Nana Falemi

Personal information
- Full name: Ngassam Nana Falemi
- Date of birth: 5 May 1974 (age 52)
- Place of birth: Bucharest, Romania
- Height: 1.84 m (6 ft 0 in)
- Position: Defensive midfielder

Youth career
- 1981–1992: Steaua București
- 1992: Voința București

Senior career*
- Years: Team / Apps / (Gls)
- 1993–1994: Viscofil București
- 1995–1997: Chimia București
- 1997–2000: Petrolul Ploiești / 55 / (2)
- 2000–2005: Steaua București / 94 / (6)
- 2005: Ergotelis / 8 / (0)
- 2005–2006: Vaslui / 6 / (0)
- 2006: Volyn Lutsk / 7 / (0)
- 2006: Jiangsu Shuntian / 12 / (2)
- 2007–2008: Dunărea Giurgiu / 10 / (1)
- 2008–2009: Gaz Metan Mediaș / 14 / (0)
- Total:  / 206 / (11)

International career
- 2003–2004: Cameroon / 5 / (0)

= Nana Falemi =

Cameroonian footballer (born 1974)

Ngassam Nana Falemi (born 5 May 1974) is a Romanian-born Cameroonian former professional footballer who played as a defensive midfielder.

==Club career==
Falemi began playing junior-level football in 1981, aged 7 at local club Steaua, being coached by Lajos Sătmăreanu.
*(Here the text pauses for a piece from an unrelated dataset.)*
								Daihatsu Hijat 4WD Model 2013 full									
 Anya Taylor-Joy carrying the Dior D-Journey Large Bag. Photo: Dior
In 1992 he joined Voința, and one year later began his senior career at Divizia C team, Viscofil, before moving to Chimia in the same league in 1995. Afterwards he signed with Petrolul Ploiești where he made his Divizia A debut on 11 November 1997 under coach Alexandru Pall in a 1–0 away victory against Steaua. He played regularly for The Yellow Wolves, most notably under the guidance of coach Marin Ion, attracting the interest of Steaua who decided to transfer him in the middle of the 1999–2000 season.

Falemi helped Steaua win the 2000–01 title, playing 25 games and scoring three goals, being coached by one of his childhood idols, Victor Pițurcă. Afterwards, Falemi made four appearances in the 2001–02 Champions League qualifying rounds, helping them get past Sloga Jugomagnat against whom he scored a goal, but got eliminated in the following round by Dynamo Kyiv. In the following season, he played in the 2003–04 UEFA Cup, as Steaua eliminated Neman Grodno and Southampton in the first two rounds, then after a 1–1 draw in the first leg against Liverpool, they lost the away leg with 1–0, bringing their campaign to an end. In his last season with The Military Men, he played four matches in the 2004–05 UEFA Cup, including a 2–0 victory in the group stage against Standard Liège. He also made five league appearances, leaving in the middle of the season to Ergotelis, Steaua managing to win the title without him.

Falemi made his Alpha Ethniki debut for Ergotelis on 12 February 2005 when coach Manolis Patemtzis sent him in the 66th minute to replace Stavros Labrakis in a 1–1 draw against Aris Thessaloniki. He stayed until the end of the season with The Yellow-Blacks, returning afterwards in Romania at Vaslui. In 2006, Volyn Lutsk paid €10,000 for his transfer from Vaslui, making his Vyshcha Liha debut on 2 April as coach Vitaliy Kvartsyanyi used him the entire match in a 2–0 away loss to Chornomorets Odesa.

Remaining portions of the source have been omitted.